Additional Annual Meeting preconference opportunities
The 2022 Annual Meeting will take place July 13 – 17 at the Charleston Place Hotel. The preconference sessions on July 14 all require preregistration. Here are the other preconference sessions: 
Storytelling with Storyville Social – Downtown development technical assistance program Main Street South Carolina has partnered with Storyville Social to create training on how economic development programs can build engaging social media content that puts a human face on local businesses. This session will discuss the training’s processes and results. 
Sustainability and resilience mobile tour – At a time when many local governments are confronting rising sea levels, flooding and other consequences of climate change, the City of Charleston and the Town of James Island are working to address the threats. Learn about some of these projects. 
First-timers lunch – Designed for municipal officials and staff, this program provides helpful information so that first-time attendees can get the most out of their Annual Meeting experience.
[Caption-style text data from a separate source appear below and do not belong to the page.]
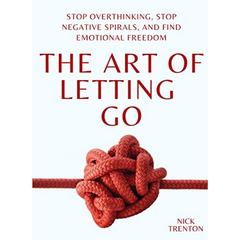 The Art of Letting Go: Stop Overthinking, Stop Negative Spirals, and Find Emotional Freedom by Nick Trenton
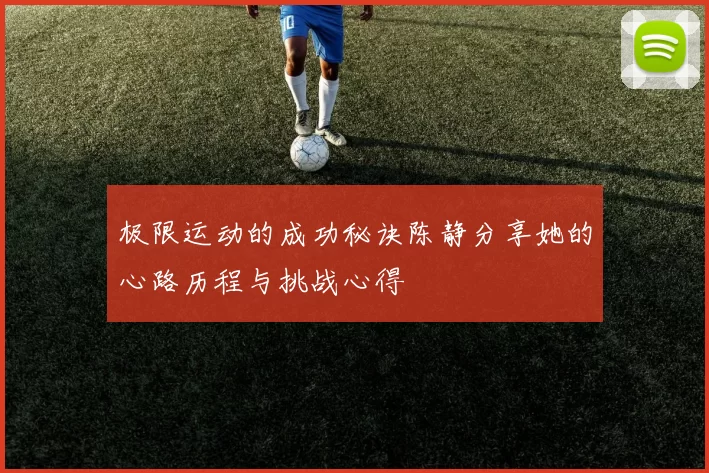 极限运动的成功秘诀陈静分享她的心路历程与挑战心得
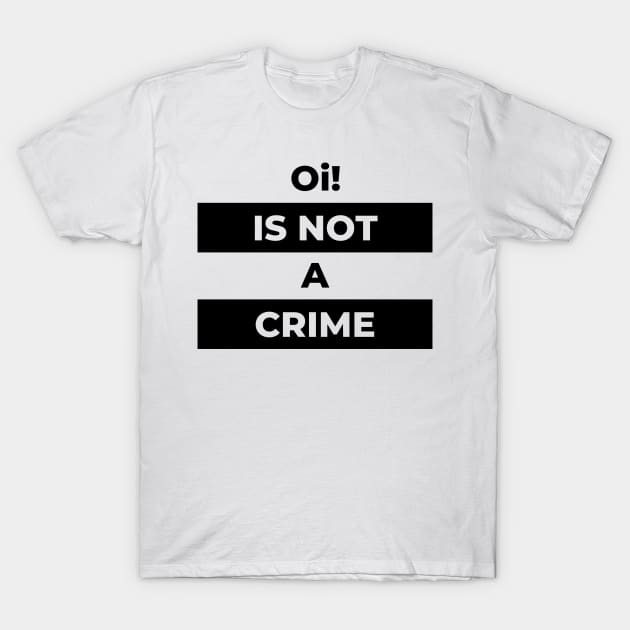 Oi! Is Not A Crime (Black Print) T-Shirt by the gulayfather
Registering for the Annual Meeting

All cities and towns will use the Municipal Association’s online registration process for reserving spots at the meeting and booking hotel rooms. The Association’s drawing on May 24 will establish a registration appointment time for each city and town who registered for the drawing. During these half-hour appointments, which will take place from Tuesday, June 7 – Thursday, June 9, Association staff will assist the designated representative of each municipality in registering all attending officials from that city. June 13 will be the deadline for all hotel reservations, and July 1 will be the deadline for registering for the Annual Meeting itself.